Overview

Documents are JSON objects. Documents are also containers for your data, and are the basis of the IBM® Cloudant® for IBM Cloud® database.

If you're using an IBM Cloudant service on IBM Cloud®, documents are limited to a maximum size of 1 MB. Exceeding this limit causes a 413 error.

IBM Cloudant uses an eventually consistent model for data. If you use the eventually consistent model, it's possible, under some conditions, to retrieve older document content. For example, older content is retrieved when your application writes or updates a document that is followed immediately by a read of the same document.

In other words, your application would see the document content as it was before the write or update occurred. For more information about this model, see the topic on Consistency.

Document fields

All documents must have two fields:

A unique _id field. The _id field is detailed in the next section.
A _rev field. The _rev field is a revision identifier, and is essential to the IBM Cloudant replication protocol.

In addition to these two mandatory fields, documents can generally contain any other content that can be described by using JSON, subject to some caveats detailed in the following sections.

Document IDs

The format of a document ID differs depending on whether a database is partitioned or not.
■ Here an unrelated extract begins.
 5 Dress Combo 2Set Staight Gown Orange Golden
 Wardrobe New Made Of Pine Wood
When a database is partitioned, the partition key for each document is defined as part of the document ID as detailed in the next section.
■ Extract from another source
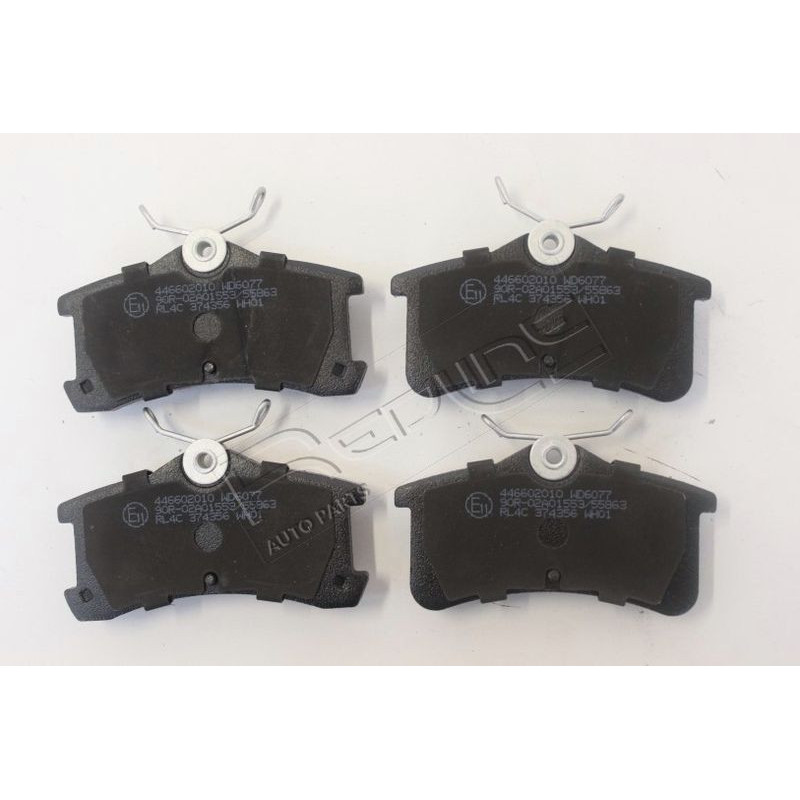 Pastiglie freno asse posteriore - RED LINE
IDs in partitioned databases

When you use a partitioned database, the document ID specifies both the partition key and the document key. These keys are specified by splitting the document ID into two parts that are separated by a colon:

$PARTITION_KEY:$DOCUMENT_KEY

The $PARTITION_KEY might be the same between documents. The $DOCUMENT_KEY must be unique within each partition. That is, overall the entire document ID must be unique within a database. A document key might contain further colon characters.

IDs in non-partitioned databases

For non-partitioned databases, the _id field is either created by you, or generated automatically as a UUID by IBM Cloudant.

If you choose to specify the document _id field, it must be limited to no more than 7168 characters (7k).

As with partitioned databases, the document ID must be unique within a database.

Field name restrictions

Field names that begin with the underscore character (_) are reserved in IBM Cloudant. This rule means that you can't normally have your own field names that begin with an underscore. For example, the field example would be accepted, but the field _example would result in a doc_validation error message.

See an example of a JSON document that attempts to create a field with an underscore prefix:

{
	"_top_level_field_name": "some data"
}

See an error message that is returned when you attempt to create a field with an underscore prefix:

{
	"error": "doc_validation",
	"reason": "Bad special document member: _top_level_field_name"
}

However, if the field name is for an object that is nested within the document, you can use an underscore prefix for the field name.

See an example of a JSON document that attempts to create a field with an underscore prefix, nested within an object:

{
	"another_top_level_field_name": "some data",
	"another_field": {
		"_lower_level_field_name": "some more data"
	}
}

See an example success message (abbreviated) returned when a nested field with an underscore prefix is created:

{
	"ok": true,
	"id": "2",
	"rev": "1-9ce...8d4"
}

Quorum - writing and reading data

In a distributed system, it's possible that a request might take some time to complete. A "quorum" mechanism is used to help determine when a request, such as a write or read, completes successfully.

For more information about quorum settings and their implications on dedicated IBM Cloudant systems, contact IBM Cloudant support.

Time to live

Time to live (TTL) is a property of data, where after a relative amount of time, or at an absolute time, the data is considered expired. The data itself might be deleted or moved to an alternative (archive) location.

IBM Cloudant does not support Time to Live functions. The reason is that IBM Cloudant documents are only "soft" deleted, not deleted. The soft deletion involves replacing the original document with a smaller record. This small record or "tombstone" is required for replication purposes. It helps ensure that the correct revision to use can be identified during replication.

If the TTL capability was available in IBM Cloudant, the resulting potential increase in short-lived documents and soft deletion records would mean that the database size might grow in an unbounded fashion.